The Power of Concentration In the Yoga of Knowledge :



In his lectures on Raja Yoga, Swami Vivekananda provides an extended description of the Yoga Sutras of Patanjali and their meaning. To a great extent, this text is a primer on the power of concentration and its application for the practitioner of Yoga. Raja Yoga can be seen as the art and science of concentration. One of the powers described by Swami Vivekananda is “samyama’, essentially a total, absorbed concentration on any object which results in the complete knowing by identity of whatever was the focus of the concentration. In the Taittiriya Upanishad, the disciple is urged to undertake “concentration in thought”, as translated by Sri Aurobindo, because “concentration in thought is the Eternal.” The power of concentration is central to any practice of the Yoga of Knowledge.
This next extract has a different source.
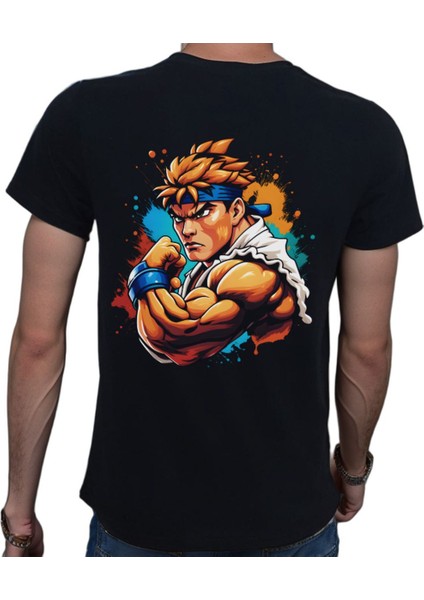 Splash Fight T-Shirt Pamuklu Siyah Penye Basic Erkek Tişört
Sri Aurobindo provides a description of three powers of concentration in achieving the spiritual aim: “By concentration on anything whatsoever we are able to know that thing, to make it deliver up its concealed secrets; we must use this power to know not things, but the one Thing-in-itself. By concentration again the whole will can be gathered up fro the acquisition of that which is still ungrasped, still beyond us; this power, if it is sufficiently trained, sufficiently single-minded, sufficiently sincere, sure of itself, faithful to itself alone, absolute in faith, we can use for the acquisition of any object whatsoever; but we ought to use it not for the acquisition of the many objects which the world offers to us, but to grasp spiritually that one object worthy of pursuit which is also the one subject worthy of knowledge. By concentration of our whole being on one status of itself, we can become whatever we choose; we can become, for instance, even if we were before a mass of weaknesses and fear, a mass instead of strength and courage, or we can become all a great purity, holiness and peace or a single universal soul of Love; but we ought, it is said, to use this power to become not even these things, high as they may be in comparison with what we now are, but rather to become that which is above all things and free from all action and attributes, the pure and absolute Being.” These three powers, when applied to the highest aim set forth for the Yoga of knowledge, become the way, the path and the method of the Yogic process.

Understanding and wielding the power of concentration, however, is important not just for the practice of the traditional Yoga of knowledge, but has its benefits for the integral Yoga as well, when one recognizes that the aim of the Yoga of knowledge, essentially a renunciation of the world, does not entirely agree with the premise of the integral Yoga which seeks to unify the inner and the outer, the spiritual and the material, the One and the many, and transform all life, not through renunciation of that life, but through spiritual action, into a pure expression of the Divine Being in manifestation.